Easy to understand, although a bit messy in the above example with the single quotes. The main issue with this method is  only works if the variable you are using is a string. For example:

1
print "The port  number " + port_number + " is in use"

If the variable port_number is a string, then it will work fine. If the variable port_number is an integer value, then you will get a type exception. The work around is to always cast the variable as a string:

1
print "The port  number " + str(port_number) + " is in use"
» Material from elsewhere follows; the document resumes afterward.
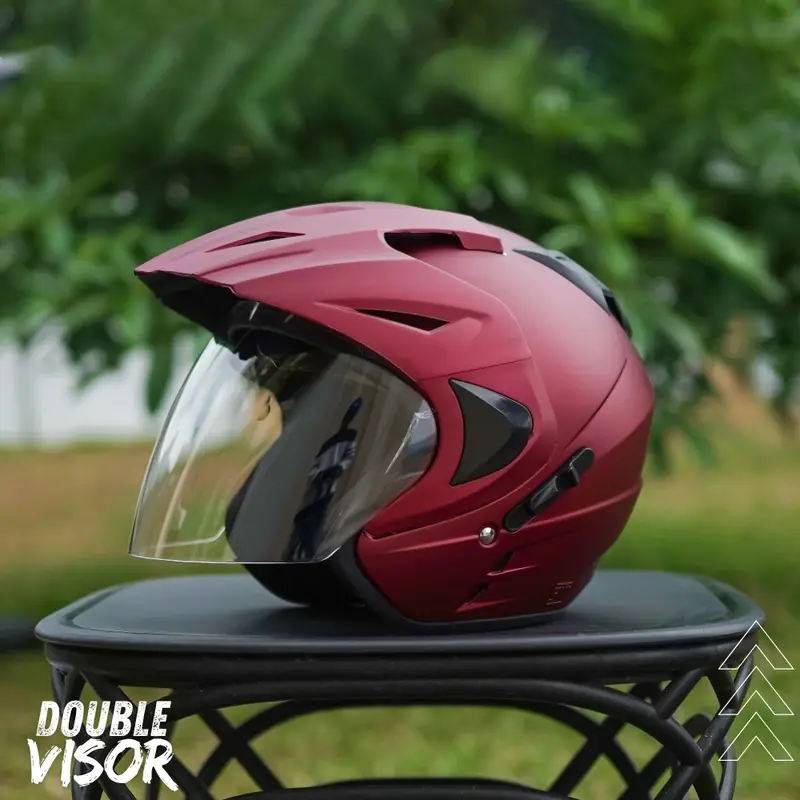 INK Helm JP8 Half Face Pria Wanita SNI Double Visor 4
It also begins to be messy when multiple strings are being concatenated:

1
2
def print_error(test_case_name, error, admin_name, admin_email):
    print "Error: Test case '" + test_case_name + "' has failed with message " + error + ". Please re-run '" + test_case_name + "' or contact " + admin_name + " at: " + admin_email

 Modulo formatting

The second approach, which is more commonly used in Python 2.X, is the modulo style formatting. This behaves almost identically to how the print functions in C/C++ do their formatting.

1
2
def print_error(test_case_name):
   print "Error: Test case '%s' has failed" % test_case_name

This allows your string to format to look a lot cleaner than using the concatenation approach. It also allows the use of non-string elements without casting.

1
print "The port number %d is in use" % port_number

The above example uses %d to indicate that it is expecting an integer value, instead of the normal %s string format. This also allows easier use of multiple formats per line, for example:

1
2
def print_error(test_case_name, error, admin_name, admin_email):
    print "Error: Test case '%s' has failed with message %s. Please re-run '%s' or contact %s at: %s" % (test_case_name, error, test_case_name, admin_name, admin_email)
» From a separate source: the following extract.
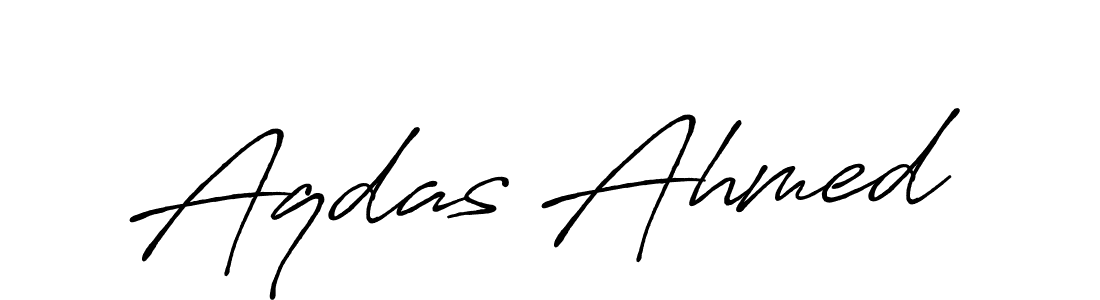 Make a beautiful signature design for name Aqdas Ahmed. With this signature (Antro_Vectra_Bolder) style, you can create a handwritten signature for free. Aqdas Ahmed signature style 7 images and pictures png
It is a little nicer than the string concatenation method in terms of readability, but it is still not the best when you get over 3-5 formats or duplicate elements in the string (above, test_case_name appears in the string twice). You can do some tricks to make it a bit easier to read:

1
2
def print_error(test_case_name, error, admin_name, admin_email):
    print "Error: Test case '%(tc)s' has failed with message %(error)s. Please re-run '%(tc)s' or contact %(admin_name)s at: %(email)s" % {"tc": test_case_name, "error": error, "admin_name": admin_name, "email": admin_email}

The above is easier to associate which variable appears where in the string, but requires you to create a dictionary.

format () method

Starting in Python 2.6, they introduce a built-in method called format() to replace the above modulo style formatting. 

1
2
def print_error(test_case_name):
   print "Error: Test case '{}' has failed".format(test_case_name)

Each {} is replaced by the argument of the format() method. The main benefit is that this method does not care what the passed type is.

1
print "The answer to {} is {} + {} = {}".format("Question 1", 4, 6.578, 4 + 6.578)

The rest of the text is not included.